Thursday, February 16, 2012

Addendum: Trans-

When is a prefix a word? When no one wants to say what the root is.

On a dating profile, a person says that they are trans. What information have they conveyed? How is a potential date supposed to interpret this?

The term transsexual is specific. To be born transsexual means to have a congenital defect in which the sex of the body and the sex of the brain (to oversimplify a bit) are out of sync. The cure is to change the hormone balance, surgically alter the sexual characteristics of the body, and allow the person to live as the sex their brain tells them they are. Male to female—straightforward. Female to male—more complicated, but the general idea is the same.

If the term transgender was non-specific, the term trans seems to be even more so. That seems to be why some people like it. They can convey that they are vaguely part of the already vague LGBT while saying almost nothing about themselves. "Trans" seems to mean anyone who is not male-bodied who lives as male in a societally acceptable masculine fashion, or female-bodied who lives as female in a societally acceptable feminine fashion, or anatomically intersexed (intersex, itself an overly broad term, is always separate from trans-anything).

You can't tell the players without a scorecard. In fact, you can't tell the players with a scorecard, because there are so many different scorecards.

People born transsexual, whether pre-op or post-op, whether lesbian, gay, bisexual, or asexual, even those who eschew "normal" gender expression, should avoid the non-word "trans" like the plague. If you were born transsexual, there is no need to obfuscate. And once you have successfully dealt with your birth defect, there is no need for any "trans" word at all.

Sadly, the non-word is everywhere. People who should know better use it and perpetuate the obfuscation, often in the name of some sort of inclusiveness or political correctness. People who do know better use it intentionally to obfuscate. When your purpose is to baffle people with bullshit, to deconstruct reality, to destroy the ability of words to convey specific meaning, then the last thing you want is anyone knowing what you are actually talking about.

Tuesday, February 7, 2012

Addendum: Coming out...

...is overrated. Highly overrated. At least for those born with transsexualism.

If you were born transsexual but have not yet begun sex change, you probably want to tell very few if any people. If you tell people you are "transgender" or even "transsexual" but nothing about you is different, most people will just be confused. Keep in mind that how you "identify" is entirely inside you. Save that sort of thing for an anonymous blog or someone who you are reasonably sure will care and be understanding.

Once you start your sex change in earnest, at some point you have to tell people. It's a necessary evil. I can only imagine what it must be like to watch someone go through all that awkwardness. Gender activists like making people uncomfortable. I don't. In hindsight, I think it would have been better to disappear for a while and return fully fledged. That time was difficult for everyone. The more quickly and painlessly it gets done, the better.

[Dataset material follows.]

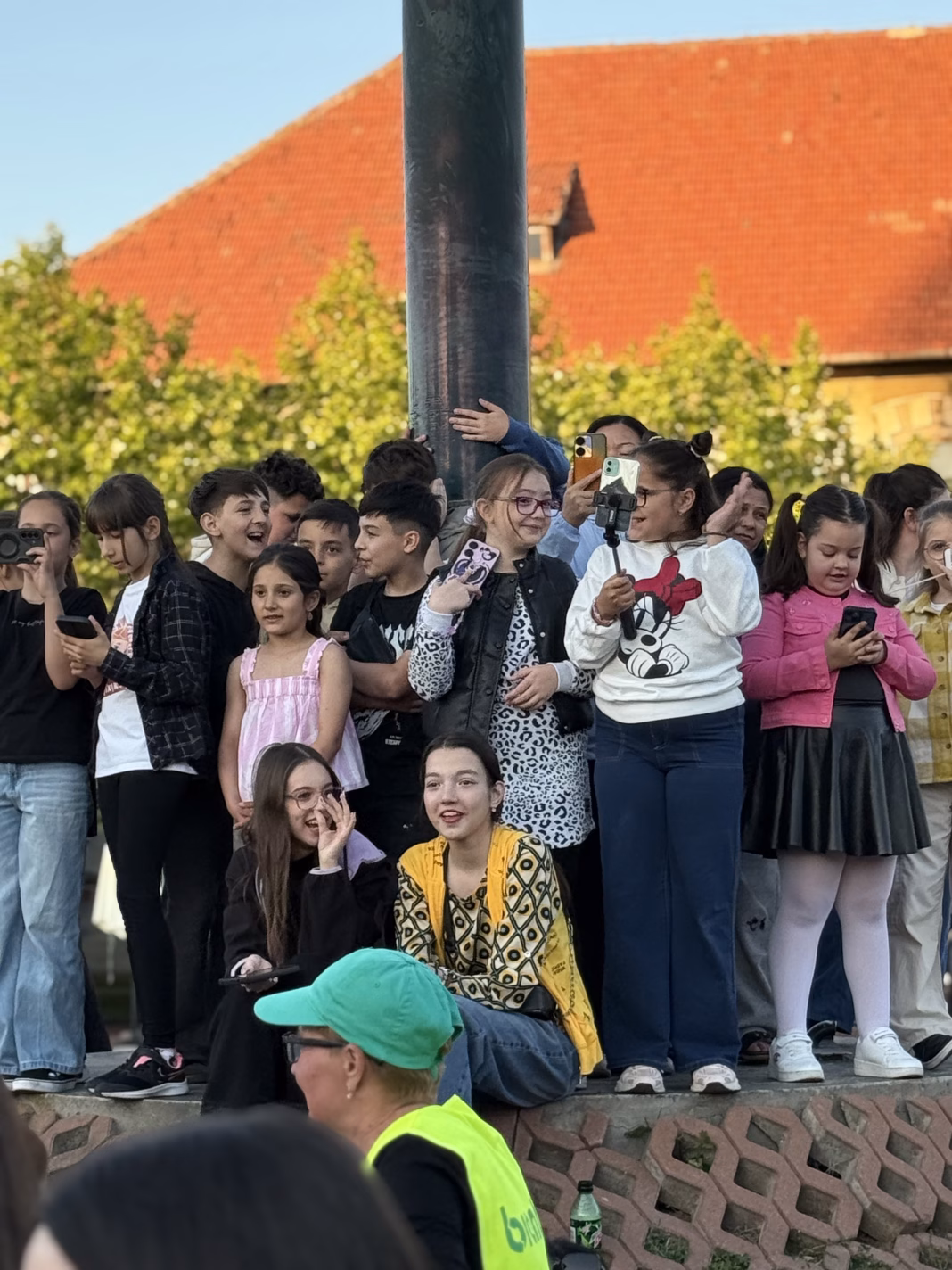 „Zilele Elevilor Severineni” au început la Severin. Parada elevilor a deschis ediția a IV-a a festivalului dedicat tinerilor „Zilele Elevilor Severineni” au început la Severin. Parada elevilor a deschis ediția a IV-a a festivalului dedicat tinerilor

When we determine our course of action, it's normal to be enthusiastic. What we experience is no less than liberation! And unfortunately, along with that enthusiasm usually comes a certain amount of immaturity and a loss of discretion. It's similar to what happens to new converts to a religion. They can't stop themselves from sharing, and they ignore the eyerolls (actual or mental) they encounter from the unconverted.

We regress for a bit so we can grow up again. Later on, most likely, we will be embarrassed by how we acted earlier, and we will wish we had been a bit less eager to share. Everyone has to grow up. It's just too bad that some of us have to do it when people think we are already adults and expect us to act that way.

If you're some kind of gender-variant rather than transsexual, by all means come out and challenge the people around you. Educate them on all your gender theories and deconstruction of stuff that people take for granted. But if you're transsexual and you're changing sex, try to limit the damage. Unless you plan to move away and go deep stealth, you're going to have to continue to live with these people.